My estimate is that in just ten years’ time, our electricity will be 15% solar, 15% wind, 20% nuclear, 10% hydro. That’s a majority of it (60%) green (in the sense of not producing carbon dioxide). And that’s WITHOUT the Obama administration’s “Clean Power” scam.
Energy cannot be created or destroyed but as so many prove; it can be wasted.
* The US consumes about 11.25 TWh per day in electricity, and 15% would be about 1.7 TWh per day. Assuming a solar load of 5.5 kW-h per square meter per day (average load in central Colorado) and a 50% efficiency (generous), you get about 237 square miles of solar panels. If the efficiency is less or you have less solar for the duration, the area increases.
237 square miles seems like a lot; you’re putting the entire nation’s grid in one location. But the U.S. has 3 million square miles to work with. So, that’s 1/40th of 1%. Not much at all.
You’re talking about the area consumed by a single, good-sized reservoir, like, say, Kentucky Lake.
You lose power in transmission, so it’d be better to distribute these solar farms across the country, but another way to look at it is your talking about the amount of land in corn farms in a smallish Oklahoma county.
My favorite green energy idiocy was a proposal to use windmills to compress air which would be stored deep in the earth and then released to drive turbines to generate electricity on demand. Windmills at best can capture less than 30% of the wind’s energy...in reality less than that. Compressing air generates heat....more energy loss. Deep in ground storage would inevitably lose pressure..more energy loss. Using compressed air to turn turbines and an electric generator...more energy loss. The entire system would be so inefficient as to be laughably impractical.
“A lot less energy is needed at night, and wind, nuclear and hydro still produced at night, so his calculations that you need 4-to-1 generation capacity for solar is nonsense”
Actually most home solar installations even without batteries are rated at 4 to 5 time average power consumption. For example I had a solar company give me an estimate for an installation. I use on average a little over 1kw, about 24 kwh a day. They recommended a 5kw system to offset what I now buy from the electric utility. During the day most of the power generated would be fed back to the grid. At night I would get that energy back from the grid. In other words the grid is being used as a storage device, a battery. If battery prices come down significantly it wouldn’t be difficult to replace the grid with the batteries. One could supplement a house system with a gas generator for the rare times when you get extreme weather conditions cause a shortage of generation.
Obviously this system works best in sunny locales.
I think we’re at a point where in the the southern regions of the US home solar makes economic sense, especially in California where third tier electric price is 40 cents per kwh.
What happens in the long run by capturing some of the wind’s energy? Are we producing negative ‘downstream’ effects by removing wind energy and flow?
Similarly, what happens to the earth when we interrupt the sun energy that has been heating it? Will the earth surface be cooler beneath solar farms, and how much difference might that make?

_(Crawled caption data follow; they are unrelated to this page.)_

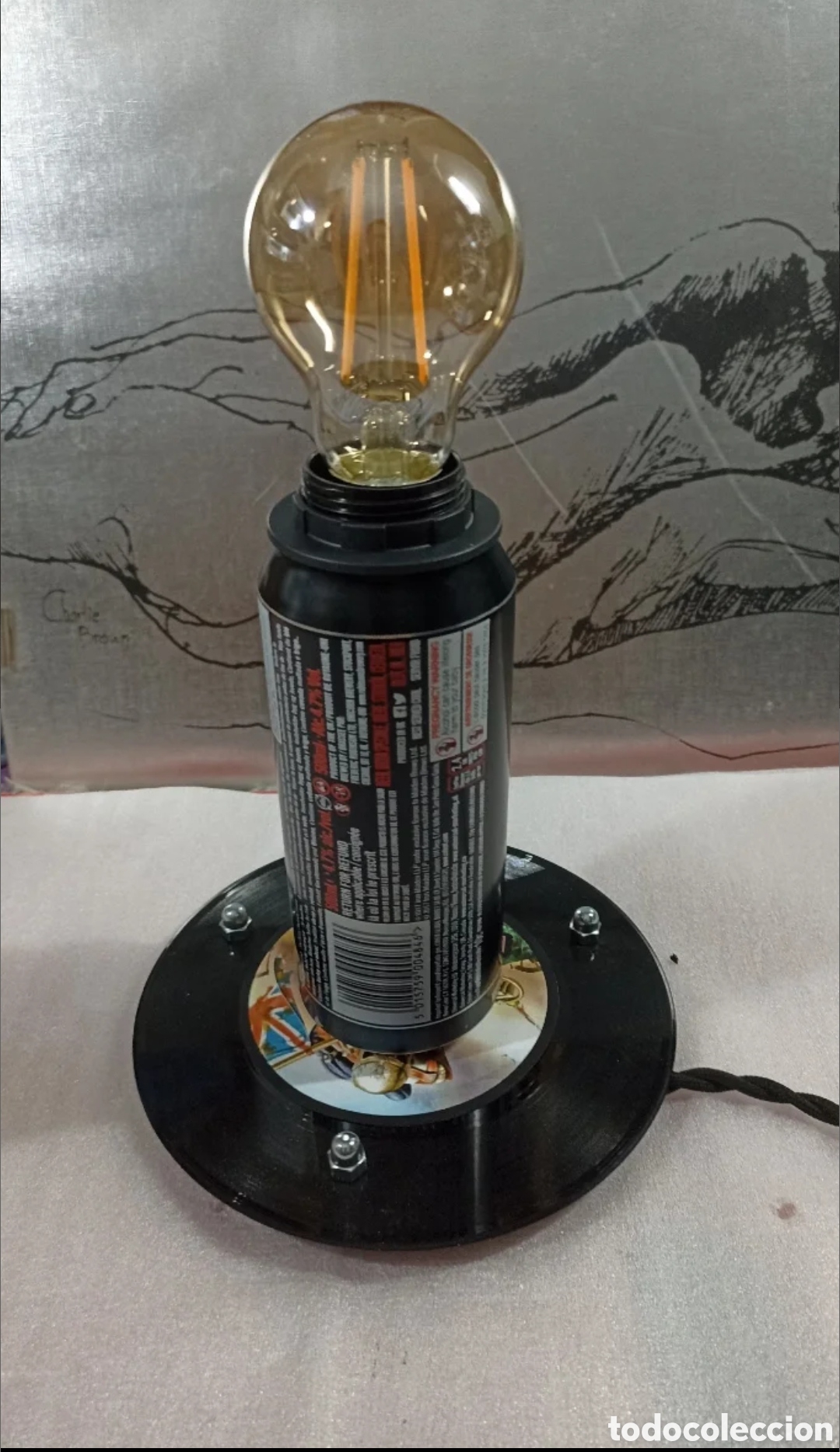 Artesan&iacute;a: Lampara Iron Maiden - Foto 2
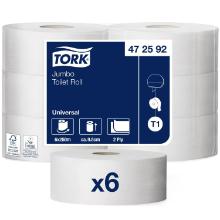 Toiletpapir Tork Jumbo Midi 2-lag 250 m product photo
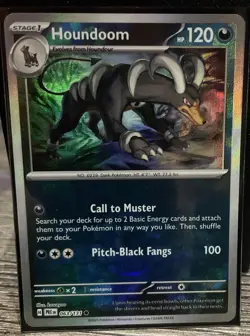 ⭐Houndoom (Poke Ball Pattern) 063/131 Prismatic Evolutions Holo Pokemon⭐ - Image 1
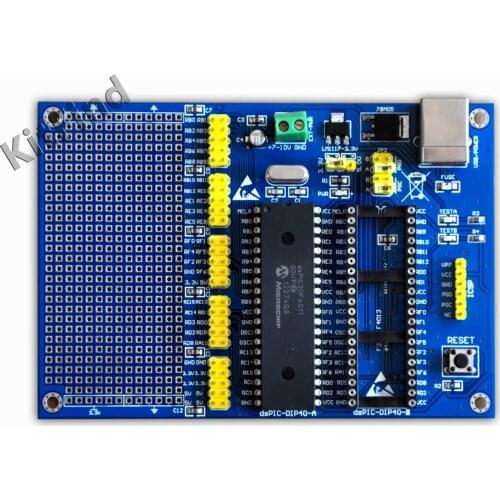 PIC DsPIC Learning Development Board ReadydsPIC-40P with DsPIC30F3011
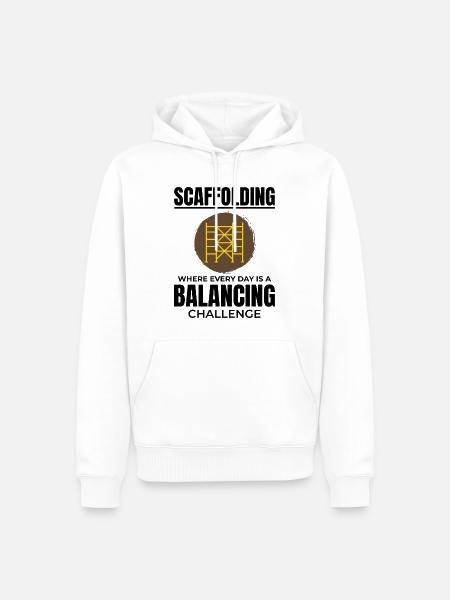 Scaffolder Scaffold Builder Scaffolding Platform - Men’s Premium Organic Hoodie - white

Hydro dams have been blamed for raising the temp of the water downstream, thus encouraging algae growth and harming certain fish populations.

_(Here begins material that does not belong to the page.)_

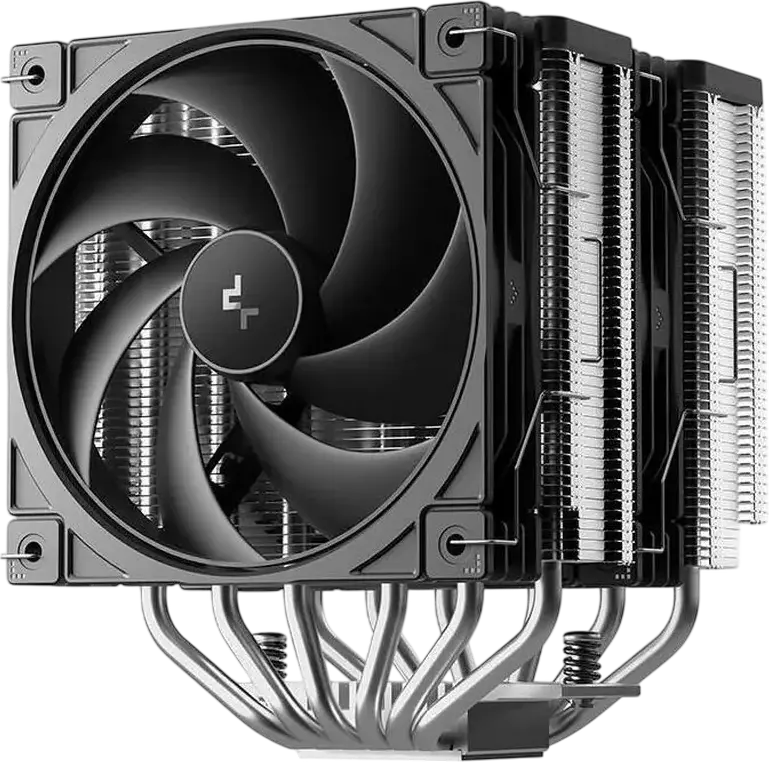 Cooler CPU Deepcool AG620 V2 Dual-Tower, TDP 260W, 6 heatpipe-uri de cupru, 2 ventilatoare PWM de 120mm, compatibil Intel LGA1700/1851 si AMD AM4/AM5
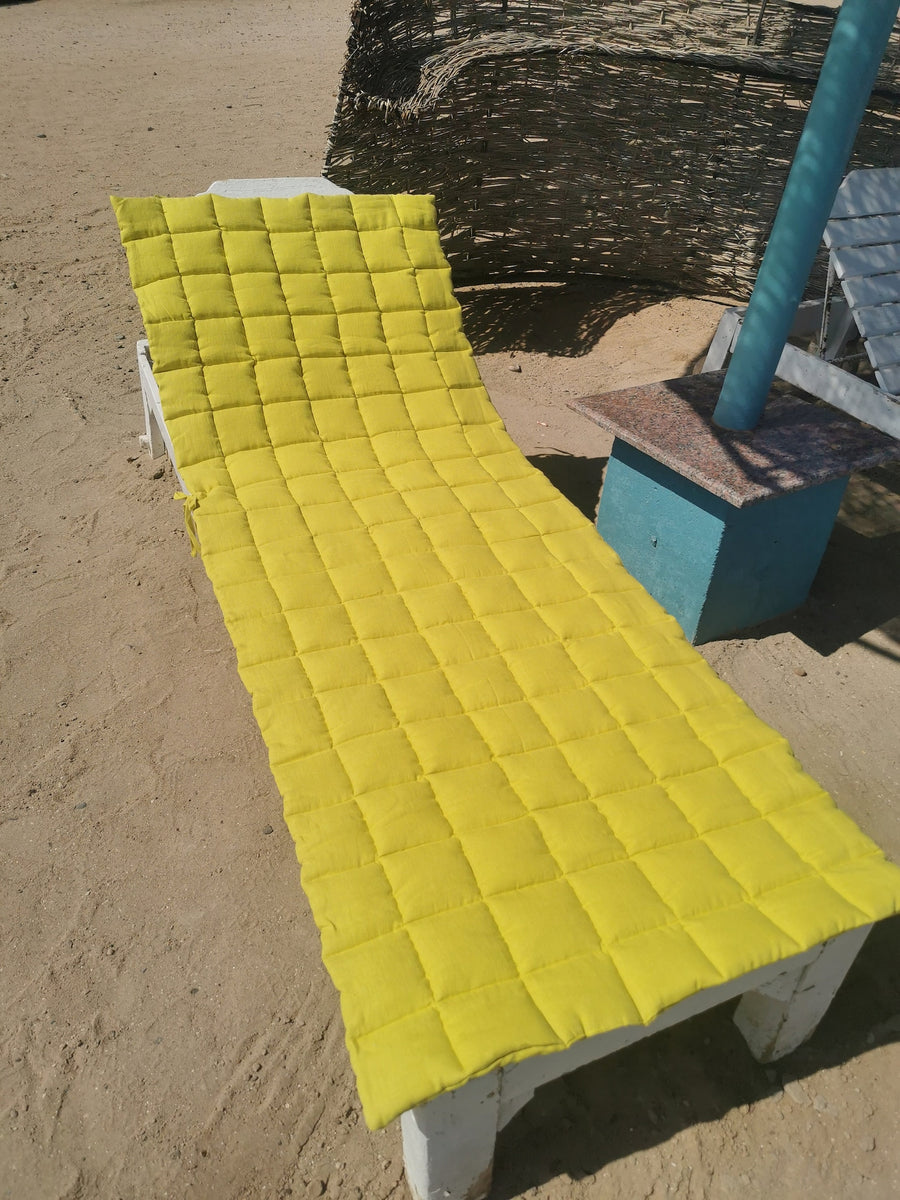 portable linen beach mat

It is still a big area. It is one thing to dam a river and create a large lake; it is another to cover the same area in solar panels.

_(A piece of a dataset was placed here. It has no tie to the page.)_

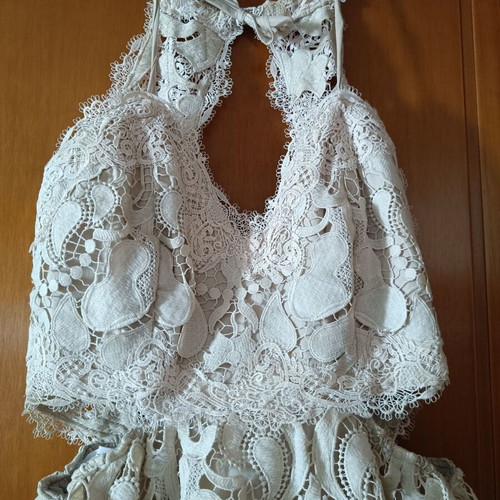 Zini couture beige dress like new, size 38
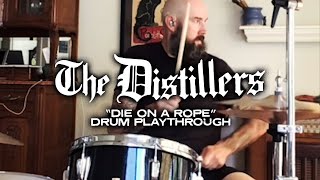 The Distillers  Die On A Rope Andy Granelli Drum Playthrough [upl. by Nnylyt]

How much does 237 square miles of solar panels cost? And how much would solar panel production have to increase over the next 10 years to meet that number, including replacing obsolete units?
Couple years ago, the utility in Houston was considering investing $2B in batteries vs. building new generation but they couldn’t do it without raising rates. It was an interesting concept to offset building a new coal plant.